THE NUN (2018) REVIEW: Sebuah Origin Story Yang Belum Baik Benar


James Wan yang sudah berhasil membangun The Conjuring menjadi sebuah franchise horror yang ditunggu banyak orang, membuat Warner Bros tahu akan potensinya. The Conjuring Universe hadir untuk menyapa penggemar film horror di dunia. Tak hanya menyorot kasus-kasus makhluk astral dari pasangan Warren, tetapi juga beberapa karakter ikoniknya. Spin off dari The Conjuring Universe sudah dimulai sejak sosok Annabelle yang terkenal lewat film pertama dari The Conjuring.

Di film keduanya, The Conjuring mengeluarkan sosok ikonik lain yaitu Valak. Tentu saja, hal ini sudah menjadi sesuatu yang memiliki potensi untuk dikembangkan di dalam The Conjuring Universe. Oleh karena itu, tahun ini film dengan judul The Nun dirilis untuk memperluas universe horror milik Warner Bros ini. Film tentang Valak ini disutradarai oleh Corin Hardy yang memang dalam rekam jejaknya sudah memiliki portfolio di genre horror ini lewat The Hallow (Woods).

The Nun dibintangi oleh Taissa Farmiga dan memiliki penulis naskah yang tak sembarangan. Gary Daubeman telah memiliki rekam jejak yang cocok dalam mengembangkan The Conjuring Universe. Semua spin off dari The Conjuring selalu diprakarsai oleh tulisan naskahnya mulai dari Annabelle dan Annabelle: Creation. Belum lagi, naskah adaptasinya terhadap buku milik Stephen King, IT, juga berhasil menyita perhatian banyak penontonnya.

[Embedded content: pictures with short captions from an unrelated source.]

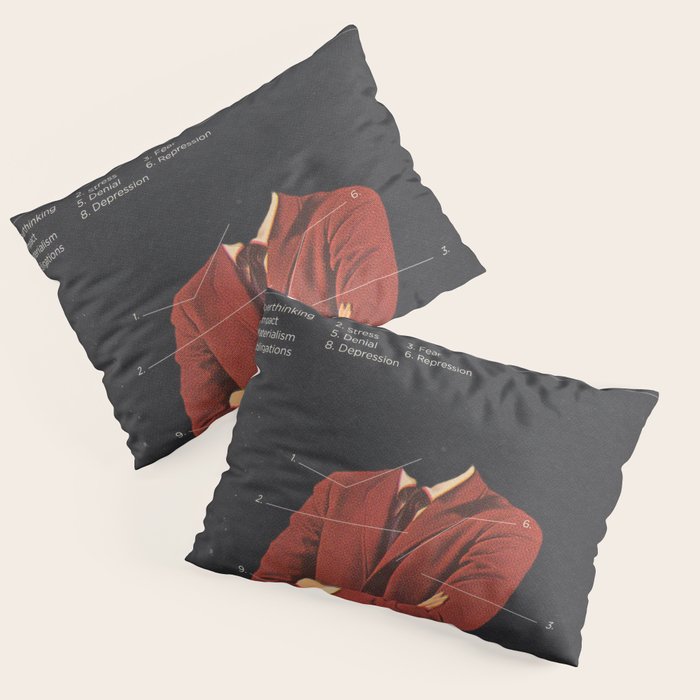 Manhood Pillow Sham Gallery Image 1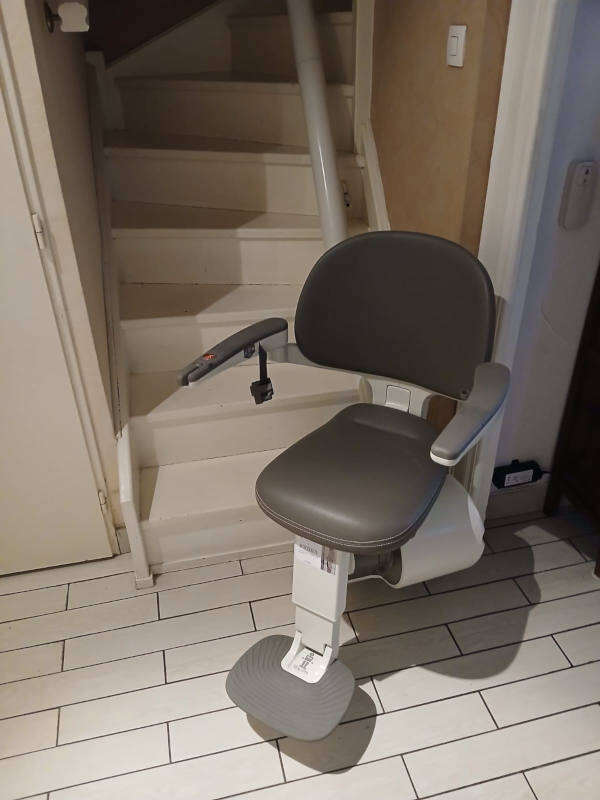 Photo de la référence Monte-escalier FLOW X à GENAS (69740)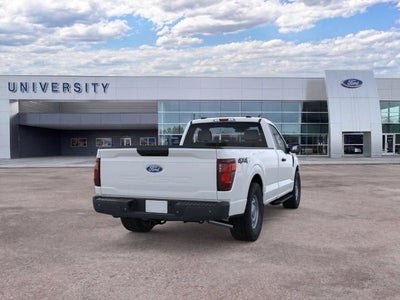 2026 Ford F-150 XL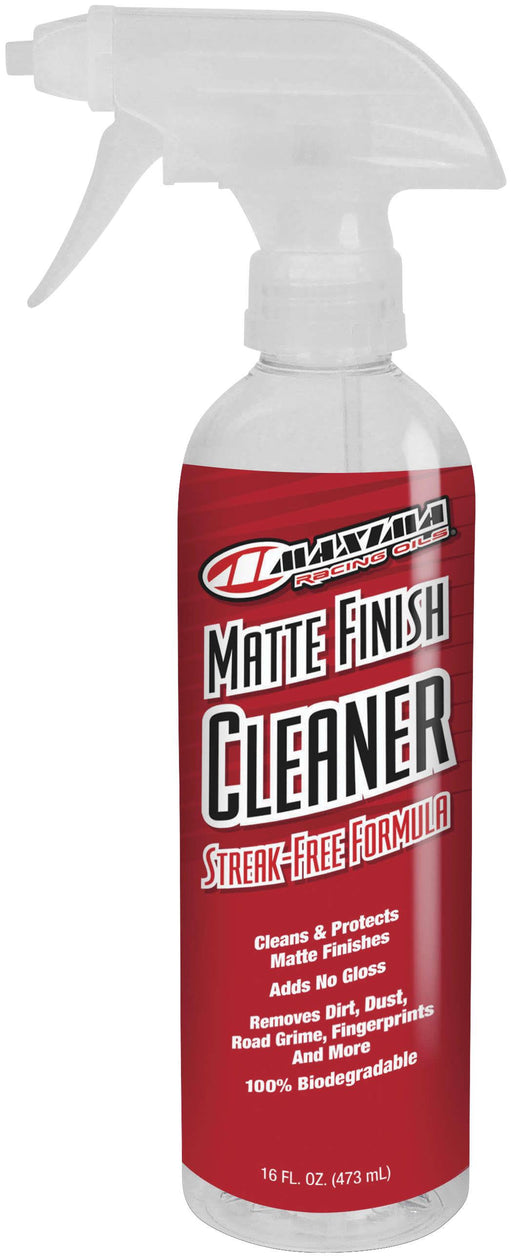 Maxima Matte Finish Cleaner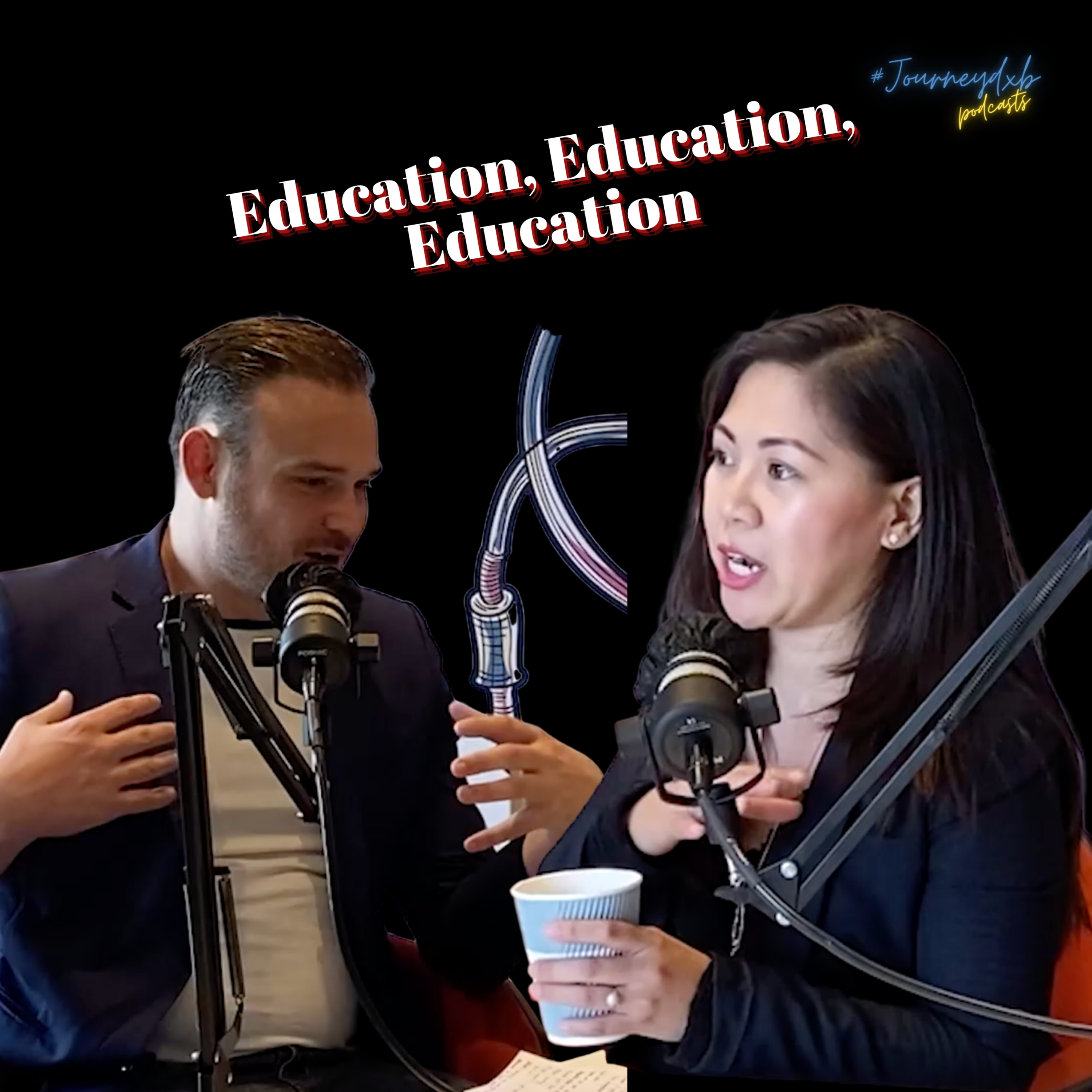 Episode 7: Education, Education, Education with Christine Filomeno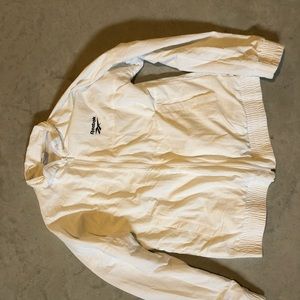 Reebok bomber jacket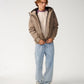 Rip Curl Search Series One Shot 5K/5K Giacca Walnut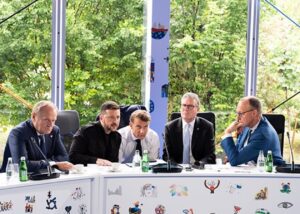 Лідери ЄС закликали Трампа захищати інтереси України та Європи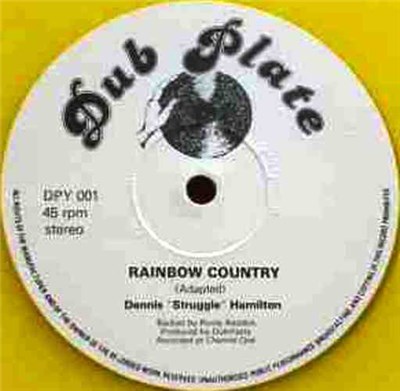 Dennis Struggle Hamilton - Rainbow Country download mp3 flac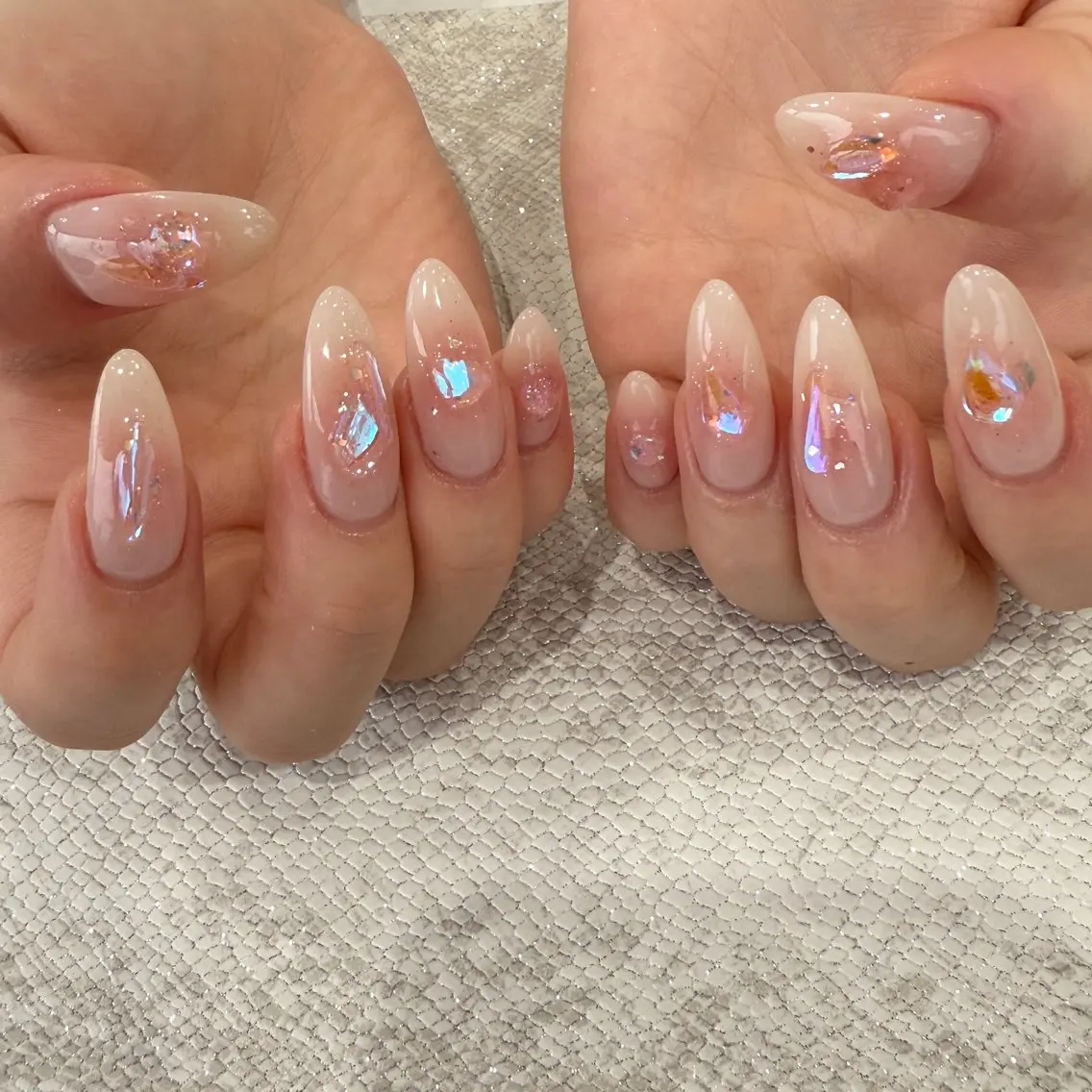 ネイル Allure Sayakaのネイルデザイン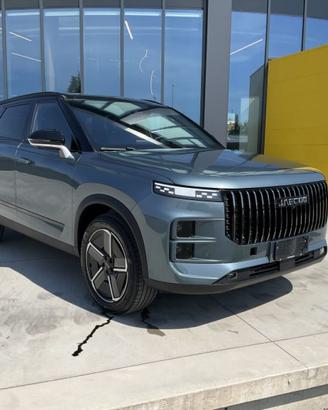 JAECOO Jaecoo 7 1.6 TGDI 147 CV aut. 4WD Exclusi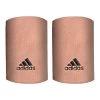 ADIDAS L Wristband Men - Apricot, Black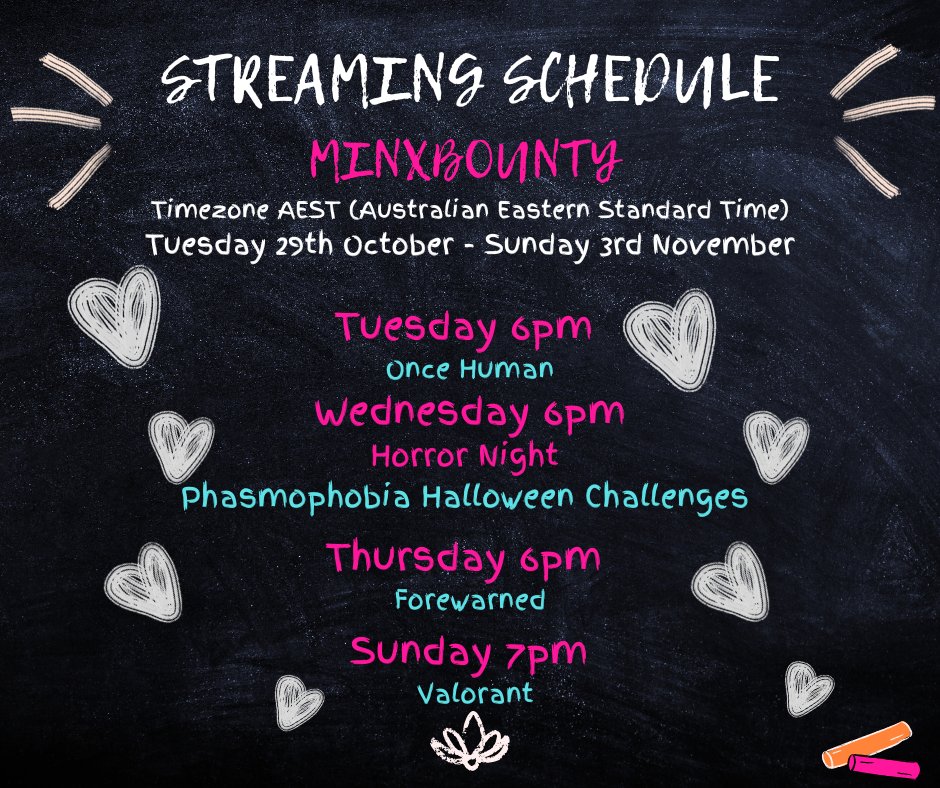 Lets have some fun with the rest of October with some horror games 🎃👻🎃👻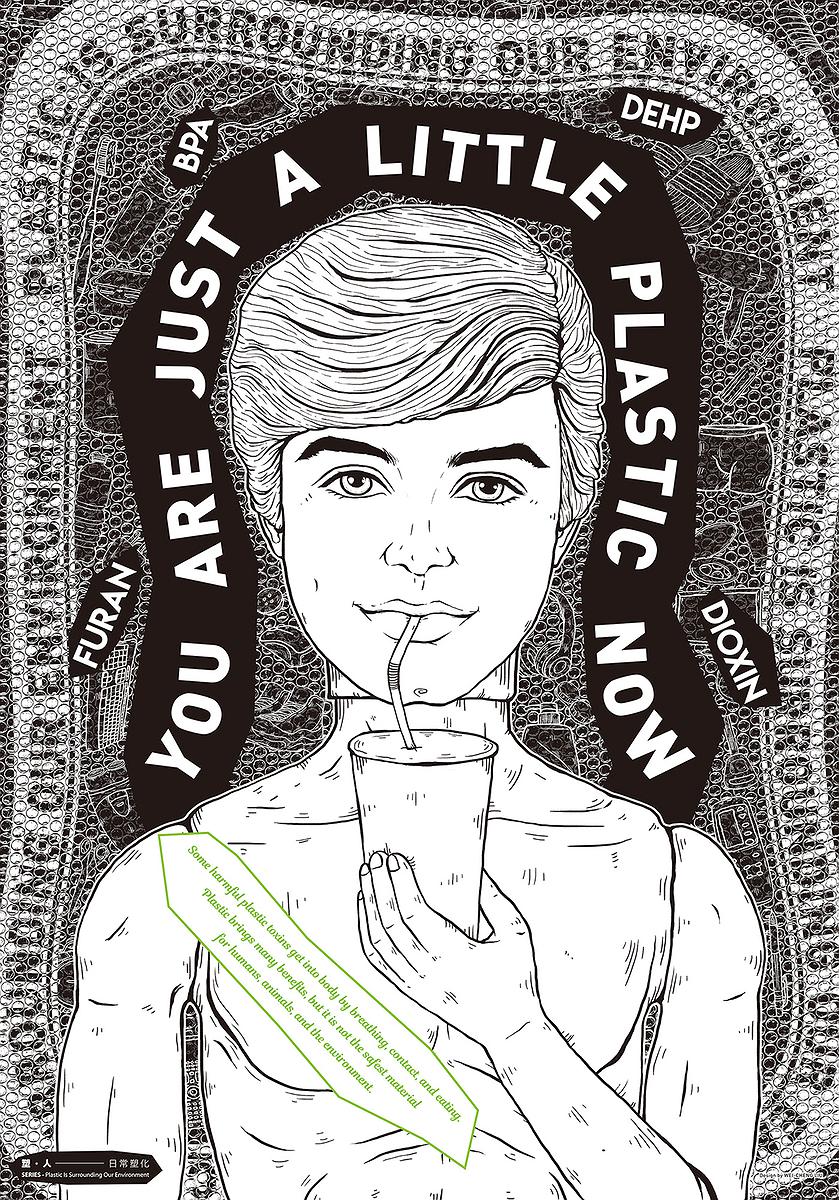 Discuss about Plastic-9's Cover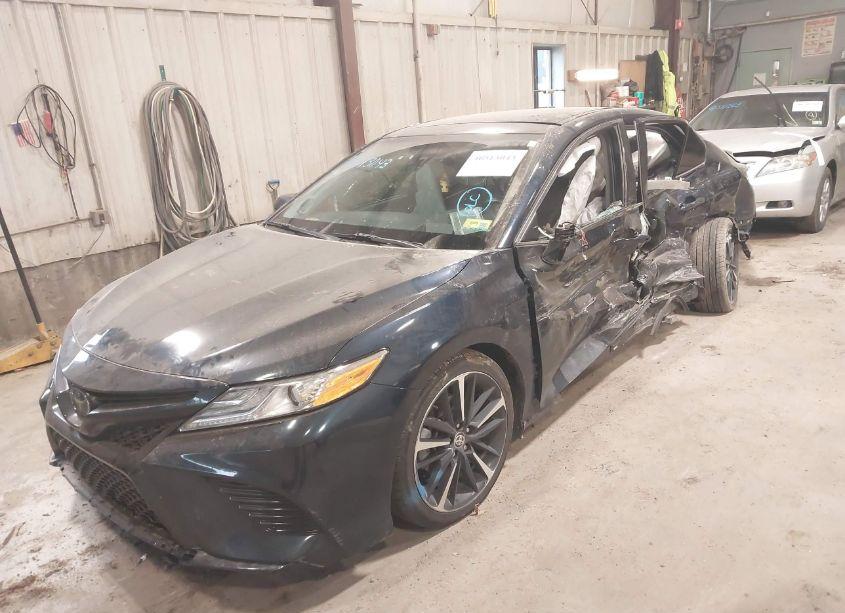 Photo 6 of 2020 Toyota Camry XSE V6 (VIN 4T1KZ1AKXLU045301)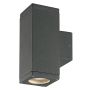 Novolux CUB 555D-G21X1A-04 Wandlamp 2x4,5W/GU10 IP54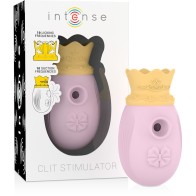 Intense Clitoral Stimulator with 10 Modes of Suction and Licking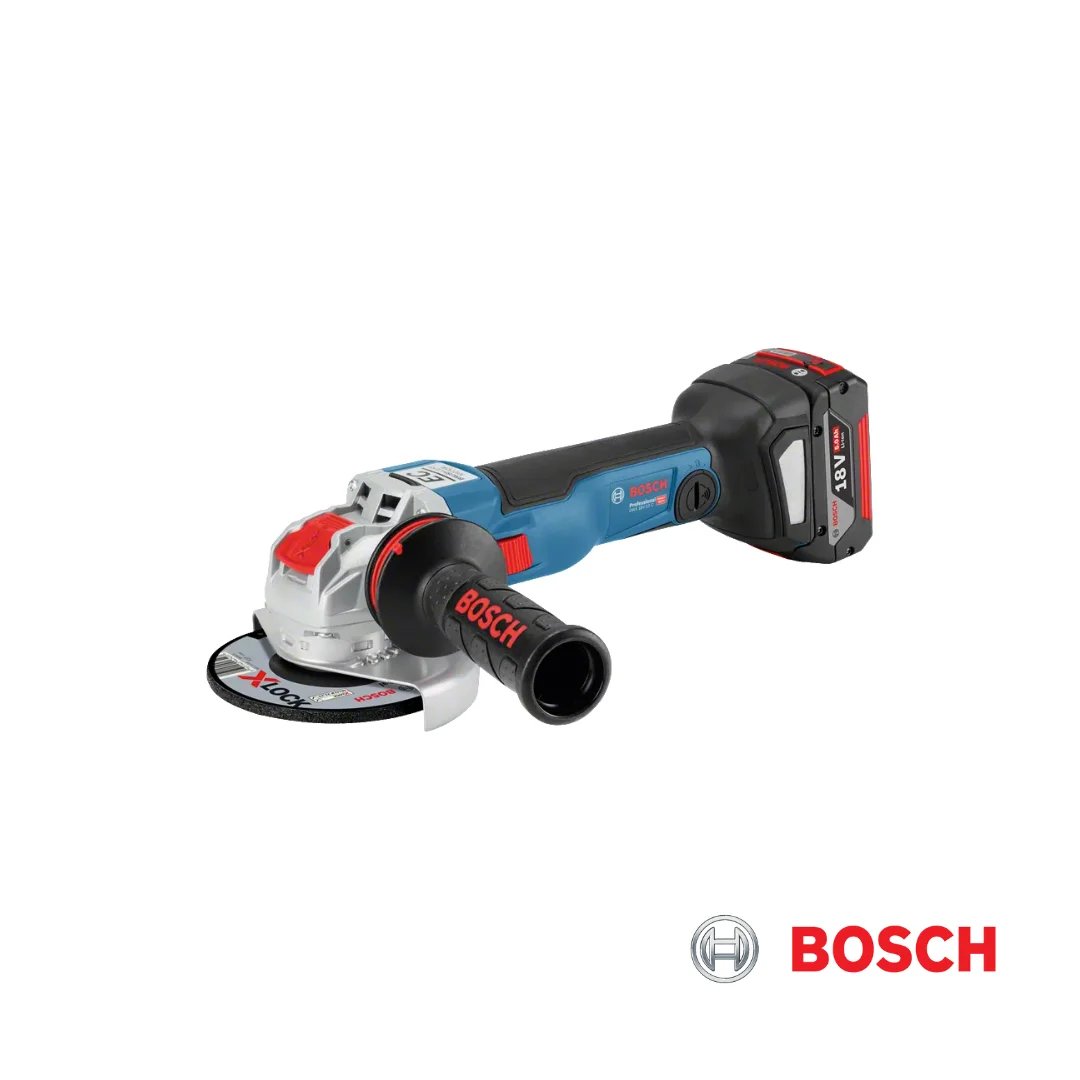 Bosch GWX 18V-10 C Solo**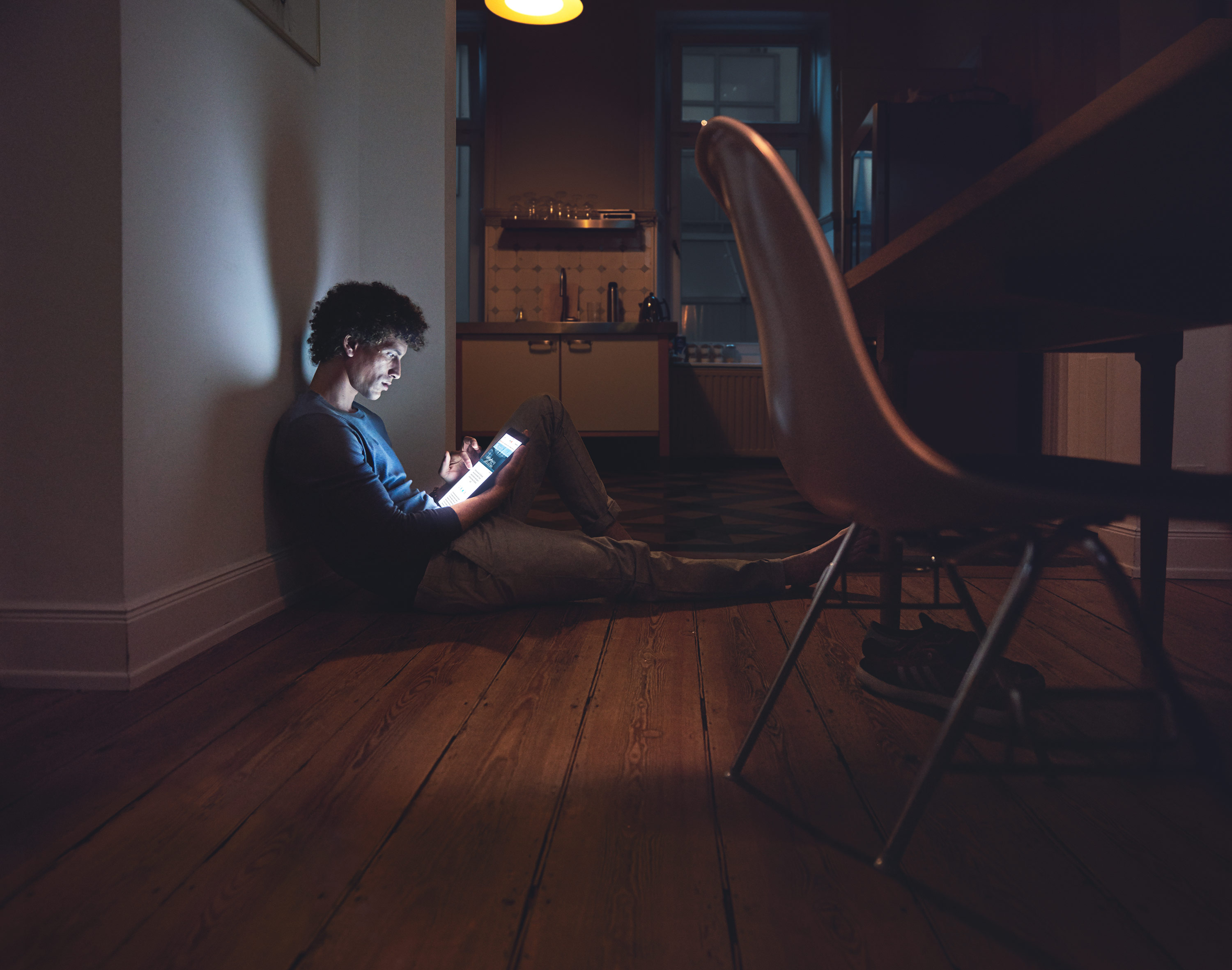 Kai-Uwe Gundlach - FAZ Ich lese wieder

Tentu saja, origin story dari sosok Valak akan dengan mudah menarik minat penontonnya. The Nun akan dengan mudah dinantikan oleh para penggemar film horor terutama bagi yang sudah menyaksikan film-film dari The Conjuring Universe. Belum lagi, trailer yang dirilis pun bisa membuat penontonnya bergidik ngeri. Bahkan, muncul rumor-rumor tentang trailernya yang terlalu seram sehingga harus ditarik dari peredaran.

Dengan rumor-rumor dan potensinya, The Nun sayangnya tidak bisa membuat penonton puas akan ekspektasi yang sudah terbangun. Jika dilihat dari tugas dan tujuannya secara garis besar, The Nun memang berhasil hadir sebagai movie companion untuk membuat The Conjuring Universe semakin besar. Tetapi sebagai sebuah film horor, The Nun hadir dengan performa yang tidak maksimal. The Nun hadir sebagai sebuah sajian film horor yang tidak memiliki rasa menakutkan sama sekali.


The Nun tentu saja akan menceritakan sosok Valak di dalam filmnya. Cerita ini dimulai ketika seorang pemuda bernama Frenchie (Jonas Bloquet) yang menemukan badan seorang suster yang tergantung di pelataran gereja. Kabar ini terdengar hingga pusat dan ini menjadi konsentrasi bagi mereka untuk ditelusuri dan diinvestigasi misterinya. Vatikan menyuruh Father Burke (Demian Bichir) dan Sister Irene (Taissa Farmiga) untuk pergi ke gereja tersebut.

Father Burke dan Sister Irene menghabiskan beberapa malam di sana untuk menyelesaikan tugasnya dari Vatikan. Tetapi, malam-malam di sana tak berjalan mulus dan lancar-lancar saja seperti yang diharapkan. Banyak sekali kejadian-kejadian aneh yang mereka rasakan saat berada di gereja tersebut. Mereka diganggu oleh makhluk-makhluk astral yang tak pernah mereka alami sebelumnya. Hal-hal inilah yang menuntun mereka menemukan misteri tentang gereja tersebut.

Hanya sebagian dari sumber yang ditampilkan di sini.